2. Asylum – current concerns and proposals

2.1 Funding

  • Councils urgently need confirmation of funding for their role in asylum dispersal, as the funding for new bedspaces for dispersal ended in March 2025. 
  • Councils would also like to see the results of previous government work on costs, including a new burdens assessment that took place in December 2022. 
  • Councils do not receive any funding for hotels used for asylum accommodation and, given the impacts on local services, need the same funding per bed for hotels as they are currently receive for dispersed accommodation and large sites. 

2.2. Full dispersal

  • Local government remains committed to ‘full dispersal’ which seeks to achieve a more even spread across the UK, as underpinned by targets in Regional Asylum Dispersal Plans agreed in every council area. A key ongoing concern is that accommodation procurement by Home Office contractors remains uneven within and across regions, despite the announcement of the move to full dispersal in April 2022. 
  • Regional and Devolved Administration Asylum Dispersal Plans were developed by local government and the Home Office in order to deliver full dispersal, and these plans set clear dispersed accommodation targets for their Providers – Clearsprings, Mears and Serco – in each council area. 
  • However, whilst there has been some provider procurement in line with allocations, the majority of allocations have not been met, and in some areas there has even been a net decrease in dispersed accommodation procurement. This has resulted not only in the continued uneven distribution of asylum seekers across the country, but also a continued reliance on the use of expensive hotels. 
  • The LGA is keen to support a discussion at a national level on how to re-route the money being spent on hotels to increasing the amount of sustainable and cheaper asylum accommodation in a way that accelerates the move to more equitable patterns of procurement across the UK. 
  • Whilst local government share aims to end hotel use, we are keen for local government to be fully involved in the hotel closure process to develop a more sustainable approach. This could include sharing information on local impacts to inform decisions on which hotels to close and a flexible approach to enable councils to use under-occupied hotels for local people in housing need, so these hotels can quickly be stepped up again if intake pressures require it. 
  • Whilst the Government’s growing commitment to a more place-based approach to procurement is welcome, we are working with the Government to ensure the impacts of large sites, hotels and other contingency sites are recognised and mitigated in future plans for asylum dispersal. 
  • Regional governance arrangements for full dispersal are still in development and local leaders are keen to see more effective shared oversight of the implementation of the regional plans. Whilst data sharing is improving, councils remain keen to see effective and consistent data flow at local, regional and national levels. Given the issues with meeting bedspace targets under current plans, potential increased demand for asylum accommodation needs to be shared with councils well in advance of summer arrivals and as part of regional planning given the risks of continued reliance on hotels. 
  • It is also crucial that the Home Office and their providers engage with councils well in advance of any asylum accommodation procurement and if necessary, allow time for alternative, more appropriate sites to be proposed by councils and their partners. Any new accommodation needs to open in areas that are not already facing unsustainable pressures due to asylum and resettlement and be in line with regionally agreed plans. Councils need advance engagement on alternatives sites opened up for those leaving hotels, and for ongoing new arrivals, and, as above, play an active role in deciding which hotels to close.
  • Councils also remain concerned around the cohesion impacts of a lack of engagement and equity. Although activity is less frequent and attracting smaller numbers than last year, protests and other activity in response to asylum seeker dispersal currently consisting of a mixture of ad hoc community-led and organised anti-minority groups continues. While more extreme activists have generally received limited traction with community-led protests, it is anticipated that asylum related narratives will remain a focus for anti-minority actors for the foreseeable future. Provider behaviour is also a concern, with examples of providers increasing local competition with councils and driving up rent levels.

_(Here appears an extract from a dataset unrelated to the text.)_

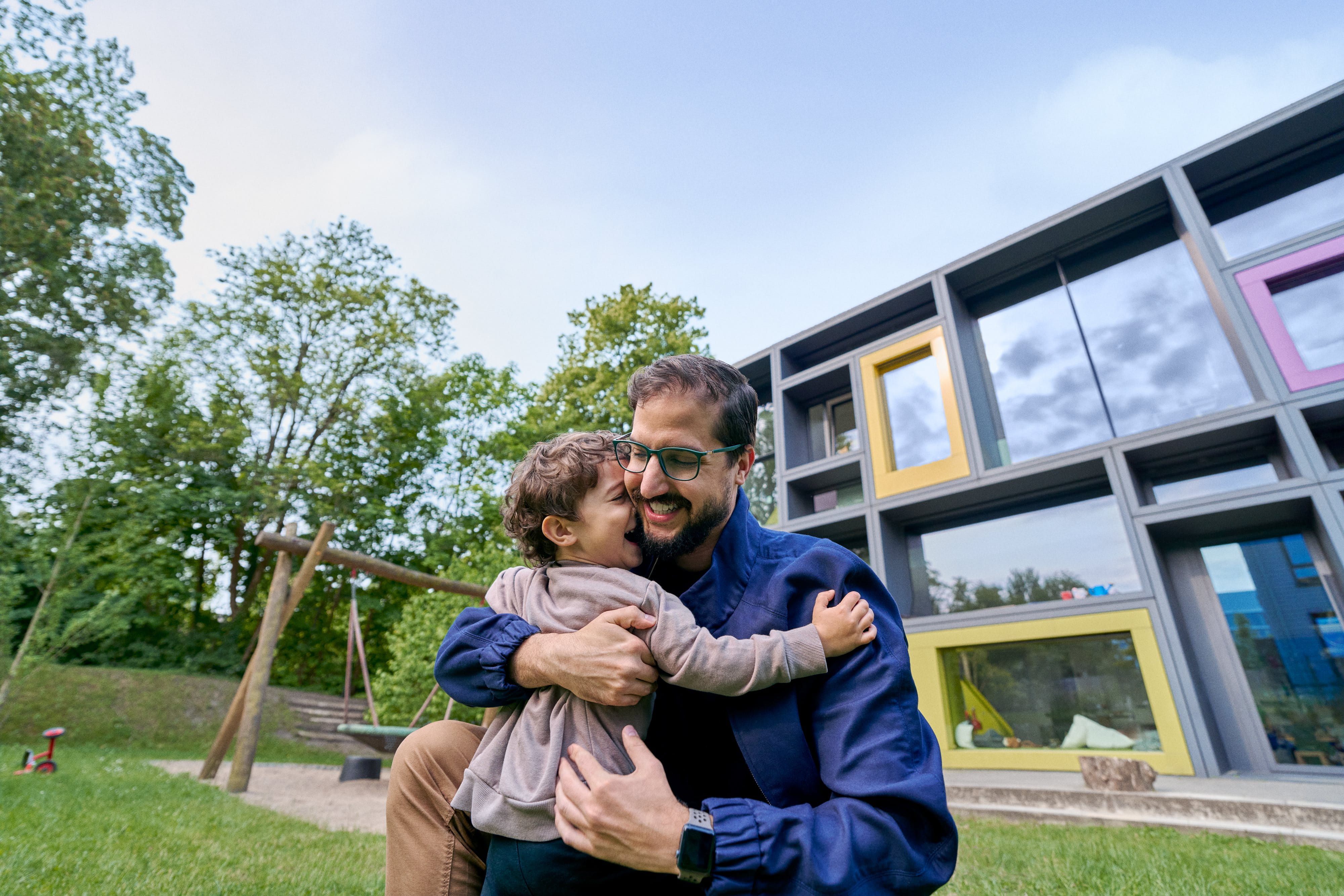 Beiersdorf unterstützt Mitarbeitende mit familienfreundlichen Angeboten und einer Unternehmenskultur, die Work-Life-Balance und Wohlbefinden fördert.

2.2. Local impacts of cessations 

  • Councils would like to be funded for their key role helping people move on from Home Office accommodation once they have a decision on their claim and have to leave their accommodation. Funding is also key to maintaining a fair share approach by ensuring that newly recognised refugees are supported to understand the UK housing market and local services and do not present as homeless in the same concentrated areas.
  • A current key funding and capacity pressure for councils is the scale of the move on from asylum accommodation and support as part of the asylum decision-making backlog clearance. The unequal distribution of asylum seekers combined with subsequent internal migration also has exacerbated the impacts of the backlog clearance.
  • Recent homelessness data from government [Statutory homelessness in England: October to December 2023 - GOV.UK (] indicates a significant increase in homelessness from those leaving asylum accommodation in the last quarter of 2023, compared with the same quarter the year before. 
  • an increase of 173.1 per cent to 1,830 households owed a prevention duty following the requirement to leave accommodation provided by the Home Office 
  • an increase of 363.1 per cent for households owed a relief duty following the requirement to leave accommodation provided by the Home Office, to 5,140 households
  • Recent data from the Centre for Homeless Impact indicated that the amount of street homelessness from those leaving asylum housing increased by 223 per cent in June to September 2023 when the backlog clearance programme began, and some areas are reporting very acute increases in homelessness pressures. [Homelessness, refugees and resettlement, Centre for Homeless Impact, January 2024] A survey by London Councils found 311 refugees in London were forced to sleep rough after eviction from Home Office accommodation in January 2024. This marks an increase of 234 per cent compared to September 2023. In total, 1,087 refugees approached London homelessness services for help in January following Home Office evictions, a rise of 78 per cent in the four months since September. [Hundreds of refugees sleeping rough in London amid ‘dramatic spike’ in homelessness | London Councils]
  • Whilst quicker decision making is welcome, we are keen to work with the Government on a more robust cross-system approach to minimise impacts on local housing and homelessness services and reduce the risks of destitution. [Thousands of refugees could be on the streets for Christmas without urgent government action | Local Government Association] Having called for a cross-system approach and funding for councils, the LGA is keen to ensure that the learning from the pilot Home Office Liaison Officers that have been placed in a small number of hotels to work across local partners, is shared more widely. We are also keen to work across government to develop shared communications and engagement for those receiving a decision on their claim that both enables an understanding of next steps and signposts people to the relevant local services.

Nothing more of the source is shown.